There have been many frightening events in the news lately. As parents we need to know how to share this information in ways that our children can manage and that are age appropriate. Here’s how you can have your SAY with your child about this sensitive topic. 

  1. Gear what you say to the age of your child. Give honest, accurate and age appropriate information.
  2. Always put the information in context. There are far more good people than people who aim to hurt and the vast majority of time we are safe.
  3. Encourage your child to talk by asking questions. What have you heard? What have you seen on TV or other media?
  4. Encourage your child to share their feelings and fears. Model this by sharing your feelings with your child.
  5. Know that your child may need more support from you than normal.
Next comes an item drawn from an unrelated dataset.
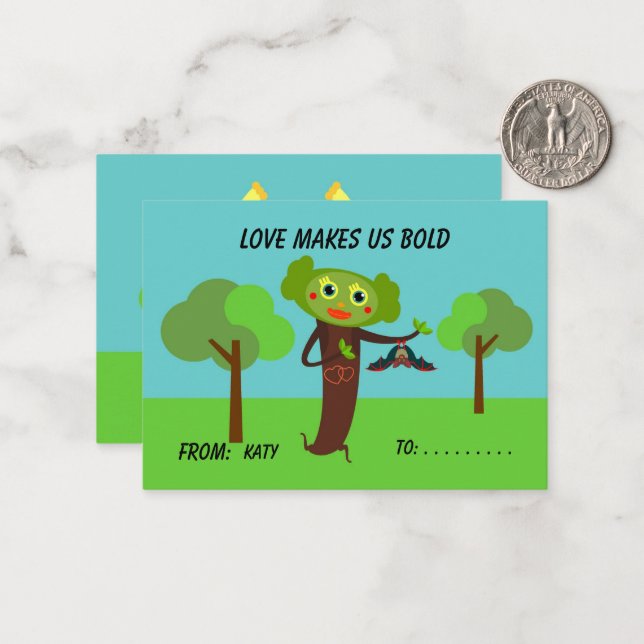 Love Classroom Kids Valentine's Flat Note Card (Front/Back In Situ)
Physical affection is a great way to show support in frightening times.
  6. For Elementary School-Age Children: Talk about major events with your children so that they hear about it first from you. This way you know they will hear accurate facts.
    • Reassure them that you are here to keep them safe.
    • Limit how much they see on TV or other media sources.
    • Don’t talk about these events prior to bedtime.
  7. Middle/High School-Age Children: Assume that older children will hear about news events – maybe as quickly as you. Ask them what they have heard and correct rumors or misinformation with facts.
    • Know that even though they are teens, they can still be frightened and can still feel comfort from talking to or being with you.
    • Though teens may not verbalize their feelings or fears, this does not mean they are not thinking about it or that you do not need to address it.
    • Talk to teens about what they can do to feel safe such as safety measures already in place in their schools or who to contact in times of crisis.
    • Keep tabs on social media for rumors or other information that may be circulating and that your teen may be exposed to. 
  8. Be aware of signs that your child is struggling and know when to get help. Look for changes in sleep and appetite, fixation on recent trauma, sleep disturbance or fears of separation or going out.